MaartenGr / BERTopic

Leveraging BERT and c-TF-IDF to create easily interpretable topics.
https://maartengr.github.io/BERTopic/
MIT License
6.14k stars 765 forks source link

if calculate_probabilities is set to false, CUDA error occurs #322

Closed juliandehne closed 3 years ago

juliandehne commented 3 years ago

RuntimeError: CUDA error: CUBLAS_STATUS_ALLOC_FAILED when calling cublasCreate(handle)

I am using sentence-transformers as a backend. Not sure which information you would need to debug this.

MaartenGr commented 3 years ago

Could you create a reproducible example? As in, which code are you using and could you share the versions of packages that you are using? Also, are you working locally or on a server?

juliandehne commented 3 years ago

Thanks for coming back to me so quickly. I am using:

sentence-transformers==2.1.0 bertopic==0.9.1 numpy==1.21.2 Build cuda_11.4.r11.4/compiler.30300941_0 OS: Ubuntu 20 LTS

As to the reproducible example I am not sure. I have a database with a couple of million tweets. The error only occurs when I do batch processing (loading about 60000 tweets or more) like:

bertopic_model = BERTopic(calculate_probabilities=False).load(BERTOPIC_MODEL_LOCATION, embedding_model="sentence-transformers/all-mpnet-base-v2") bertopic_model.transform(tweet_texts)

It does NOT occur if I go:

for text in tweet_texts: bertopic_model.transform(text)

I could give you access to the database, if you have DFN-account.

MaartenGr commented 3 years ago

There might be an issue with how you loaded the topic model. It should be directly from the class without actually instantiating it. So like this:

bertopic_model = BERTopic.load(BERTOPIC_MODEL_LOCATION, embedding_model="sentence-transformers/all-mpnet-base-v2")

This might already alleviate some of the issues that you are having. If that does not work it is likely that you simply run out of GPU memory when trying to transform the text. Especially if you are trying to transform a million tweets, batch processing seems to be the way to go.

juliandehne commented 3 years ago

Thank you for your help so far! The documentation is not very clear on batch processing or there is a bug there. If I load a model, fit_transform more data and then save it, will it update the stored model or will it write a new file with only the data that has been fitted.

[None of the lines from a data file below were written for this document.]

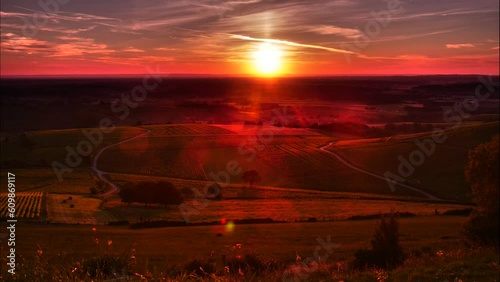 Timelapse. Sunset and nightfall over green valley, Pupillin commune in Jura region, Bourgogne-Franche-Comte in eastern France. photo
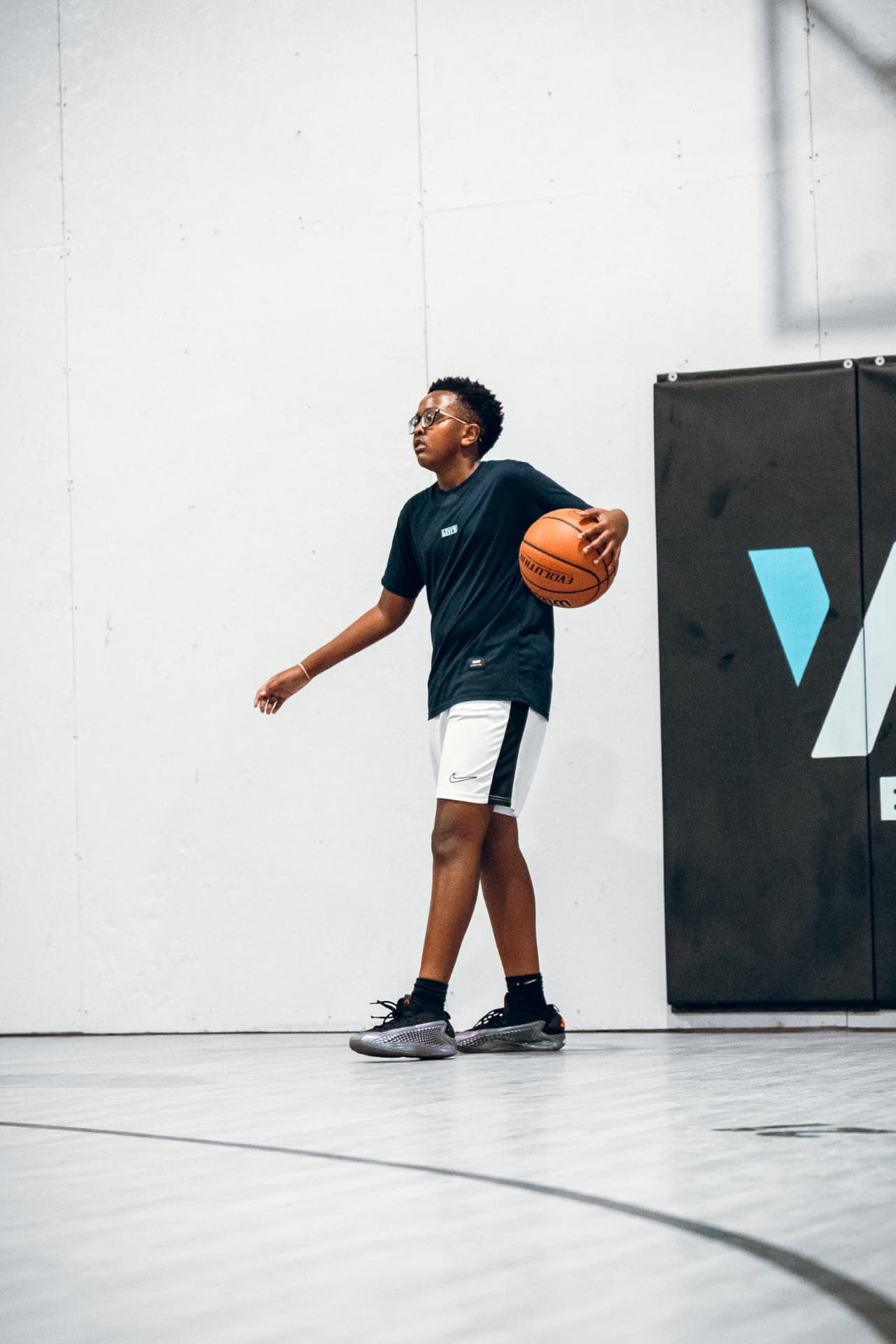 WIA basketball player holding a ball during training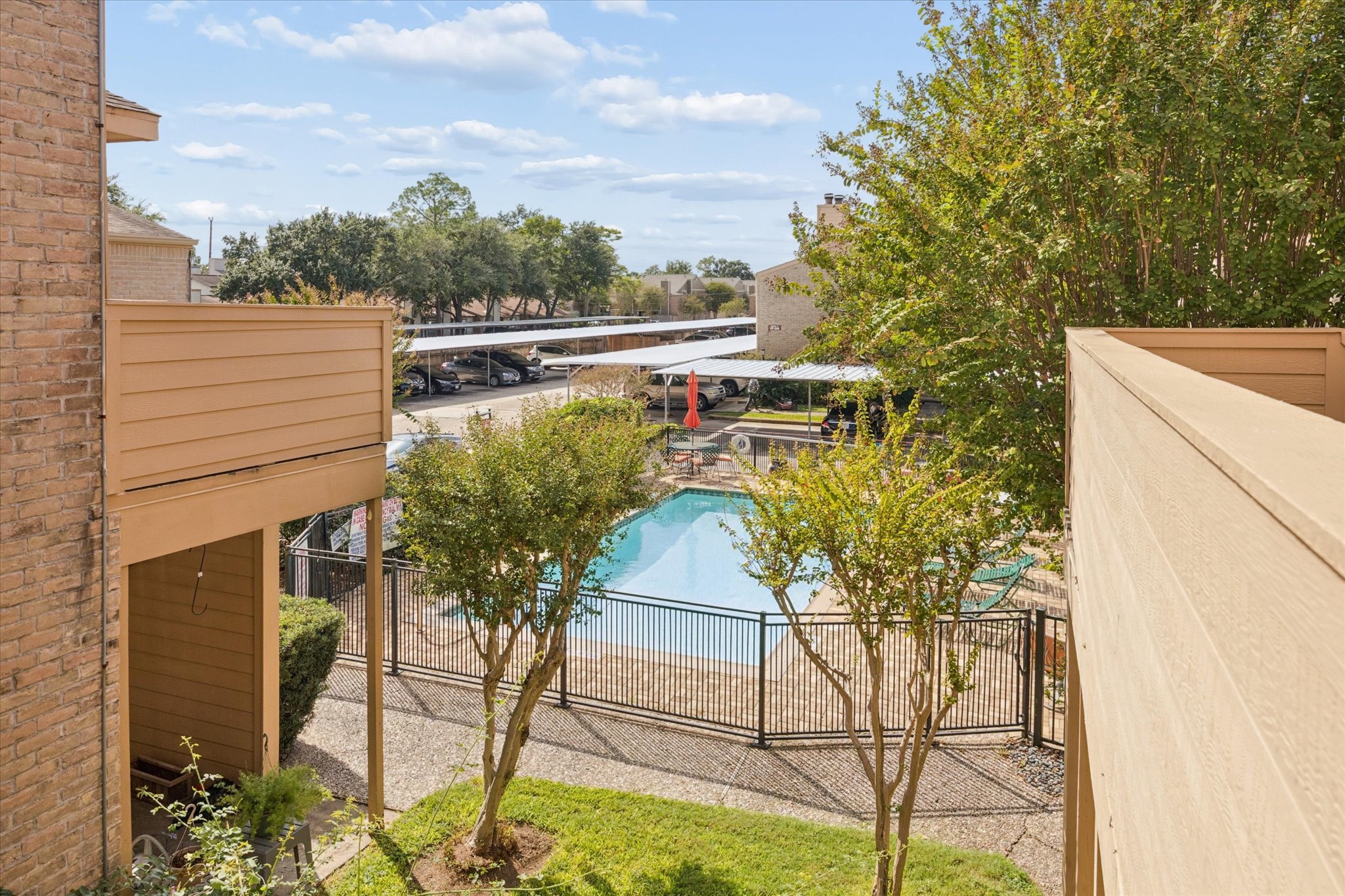 View from the unit overlooking the community pool and landscaped courtyard, creating a pleasant resort-style setting.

To rephrase the question: is fit_transform a change of the state of the model (i.e. improving a the model with new data) or will it compute a new model? In that case I could get away with something like this:

for trainings_batch in batch(corpus_for_fitting_sentences, 1000):
        if os.path.isfile(BERTOPIC_MODEL_LOCATION):
            bertopic_model = BERTopic.load(BERTOPIC_MODEL_LOCATION,
                                           embedding_model="sentence-transformers/all-mpnet-base-v2")
        else:
            bertopic_model = BERTopic(embedding_model="sentence-transformers/all-mpnet-base-v2", verbose=True,
                                      calculate_probabilities=False)
        count += 1
        try:
            bertopic_model.fit_transform(trainings_batch)
            bertopic_model.save(BERTOPIC_MODEL_LOCATION)
        except KeyError:
            print("could not transform the batch number {}".format(str(count)))

If I don't store the model in between, there is a key_error on each batch except the first.

I think the issue with the memory, however, is not due to the Bertopic or my usage but to my setup with Cuda. Thus, the orginal issue could be closed.

MaartenGr commented 3 years ago

With respect to your question on fit_transform, this method is used to simply train the model from scratch. So if you run fit_transform once and then run it again with new data, it will only fit on the new data and forget all about the original data. Thus, a new model will be created.

juliandehne commented 3 years ago

Thank you for the swift response! In that case I don't know how I can implement batch processing for a larger dataset. If I do it in one go, I do run out of memory at some point (after 60k batches or so). There seems to be a upper bound for the library. I am still investigating something you wrote about a newer version of hdbscan but I understood it to only improve on the problem, but it does not allow for unlimited size of data input, if I got this right.

juliandehne commented 3 years ago

Closing as this got far away from the original problem in the headline.